La virtud, que conduce al hombre al bien y le aparta del mal, no solo es más antigua que la edad de los pueblos y de las ciudades, sino que es igual a aquel Dios que conserva y gobierna los cielos y la tierra.  Pues no puede haber inteligencia divina sin razón, ni razón divina sin la facultad de sancionar lo bueno y lo malo.  Y no porque en ninguna parte se hallase escrito que, en un puente estuviese contra todas las tropas de los enemigos, uno mandase cortarlo por la espalda, juzgamos que aquel Cocles hizo, sin ninguna ley que lo ordenase, una acción tan heroica de valor  : (Cocles, uno de los Horacios, había perdido un ojo en un combate).  Y aunque en el reinado de Tarquino no hubiese en Roma ley escrita acerca de los estupros, no por eso dejó Sexto Tarquino de obrar contra una ley eterna, violentando a Lucrecia, hija de  Tricipitino.
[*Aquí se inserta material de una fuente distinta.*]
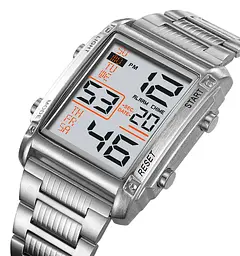 Чоловічий наручний годинник Skmei 2206 класичний спортивний на браслеті Silver White, 2206SIWT (19156) - мініатюра 3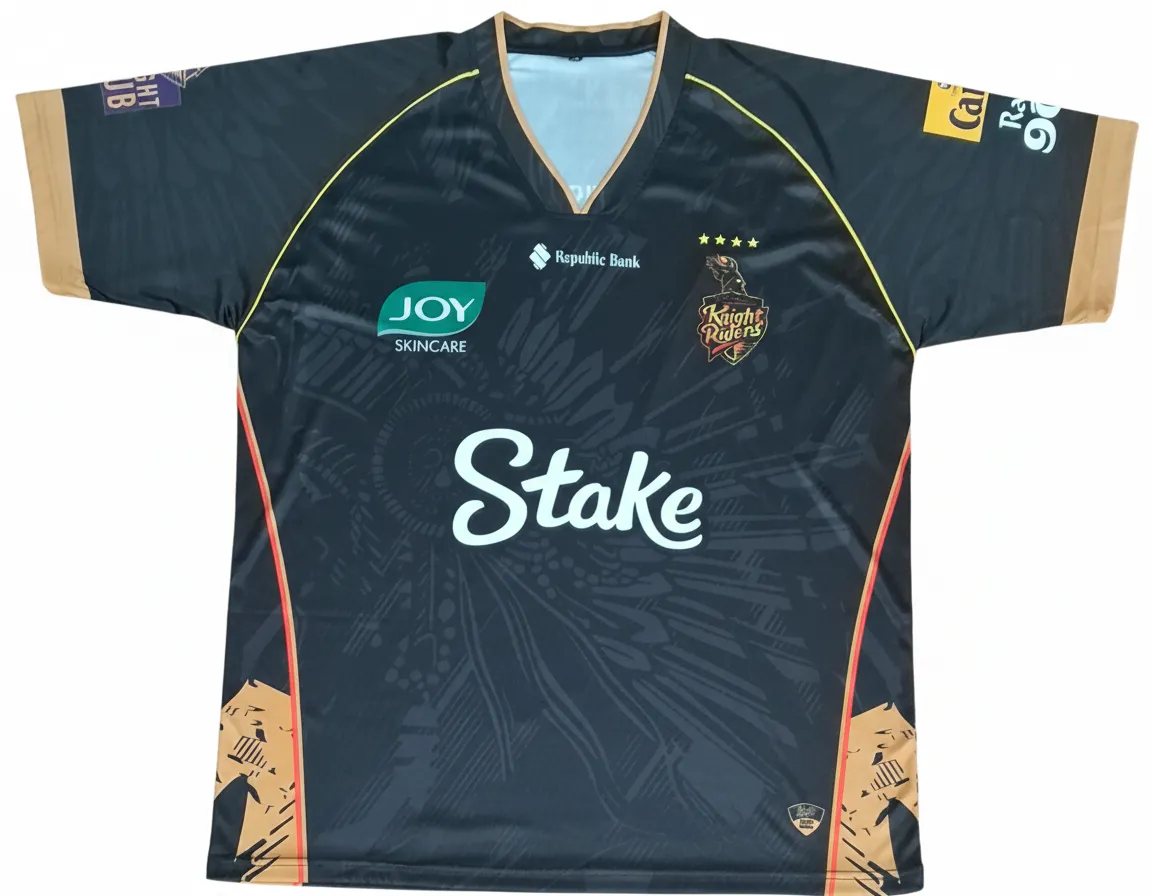 Trinbago Knight Riders (TKR) - CPL Replica Black Practice Jersey 2025 (XS)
Pues había una ley, que procede de la misma naturaleza, que impele al bien y retrae del mal, la cual no comenzó a ser cuando se escribió, sino cuando tuvo su origen, y este le tuvo juntamente con la inteligencia divina.
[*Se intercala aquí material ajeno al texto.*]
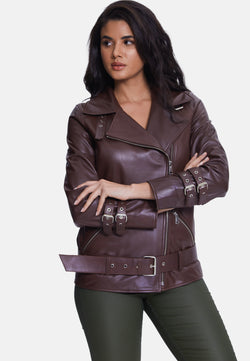 Image of Women's Genuine Leather Belted Biker Jacket,Nappa Brown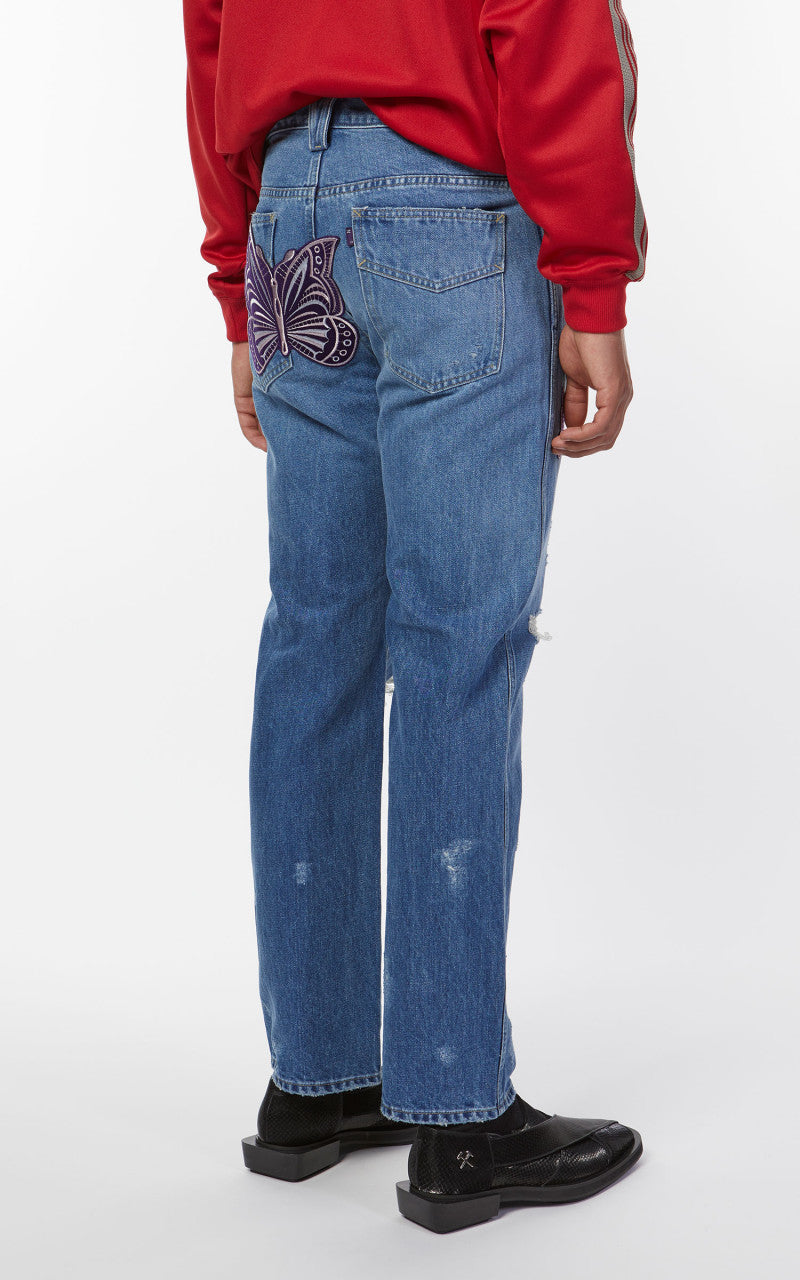 Needles Assorted Patches Straight Jean Indigo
Es la ley, la recta razón, conforme a la naturaleza, extendida entre todos los hombres, constante y eterna, que nos impele al bien mandando, y nos retrae del mal prohibiendo ; la cual no obstante no en vano manda o veda a los buenos, ni con sus preceptos y prohibiciones mueve a los perversos.   Esta ley no se puede substituir con otra, ni es lícito ni posible derogarla en todo o en parte.  Ni el Senado, ni el pueblo puede dispensarnos de esta ley. Ni hay que buscar otro expositor o intérprete que ella misma. Ni es una en Roma y otra en Atenas ; una al presente, y otra en lo sucesivo, sino que en todos los tiempos y a todas las naciones comprehende esta ley única, eterna e inmortal ; y uno solo es el maestro común y cabeza de todos los hombres :  Dios. Él es el inventor, juez y promulgador de esta ley, a la cual, el que no obedece, será enemigo de sí propio, despreciará su mismo ser, y en esto sufrirá el más grave castigo aunque se liberte de todos los demás que son tenidos por tales.
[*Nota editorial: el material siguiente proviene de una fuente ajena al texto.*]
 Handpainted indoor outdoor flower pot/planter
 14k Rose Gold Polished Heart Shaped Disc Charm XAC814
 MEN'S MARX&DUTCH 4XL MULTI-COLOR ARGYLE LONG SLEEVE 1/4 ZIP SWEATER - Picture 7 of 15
Y así sufren su castigo, no tanto por los Tribunales, (los cuales no hay en todas partes, y muchísimas veces se les engaña), cuanto por la conciencia, pues los agitan y persiguen las Furias, no con teas encendidas, como dicen las fábulas, sino con los remordimientos de la conciencia y el tormento del delito.  Porque no creáis, como lo veis infinitamente en las fábulas, que aquellos que obran impía y sacrílegamente son agitados y aterrados con las teas encendidas de las Furias. A cada uno le atormenta en gran manera su propio delito y el horror que lleva consigo ; a cada uno le conturba su propia maldad, sus malos pensamientos, y los remordimientos de su corazón lo aterran. Estas son las domésticas Furias de los impíos.

Y si a los hombres los debiera retraer de la maldad el castigo, y no la naturaleza, ( es decir, la ley natural), ¿qué congoja molestaría a los impíos, quitado el temor de los castigos? Mas cuando para ser hombre de bien nos movemos, no por la misma honradez, sino por alguna utilidad o fruto, entonces somos astutos, no hombres buenos. Porque, ¿qué hará en lo oculto aquel que nada teme sino al testigo y al juez? , ¿qué hará en un lugar desierto cuando encuentre solo y sin defensa a un viajero cargado de oro a quién puede robar?  Nuestro hombre de bien y justo por naturaleza, le hablará en este lance, le favorecerá y le acompañará por el camino. Mas aquel que nada ejecuta por respetos de nadie, ya véis lo que hará. Pues aunque me dijera que ni le quitaría la vida, ni robaría el caudal, nunca diría que lo dejaba de hacer por juzgarlo malo, sino por temor que no se supiese y le sobreviniese el castigo.  ¡Oh reflexión digna de avergonzar  no solo a los hombres doctos, sino aún a los rústicos!

Nosotros debemos vivir muy persuadidos de que, aun cuando pudiéramos ocultarnos de los dioses y de los hombres, jamás debemos cometer delito alguno de avaricia, de injusticia, de liviandad, ni de incontinencia.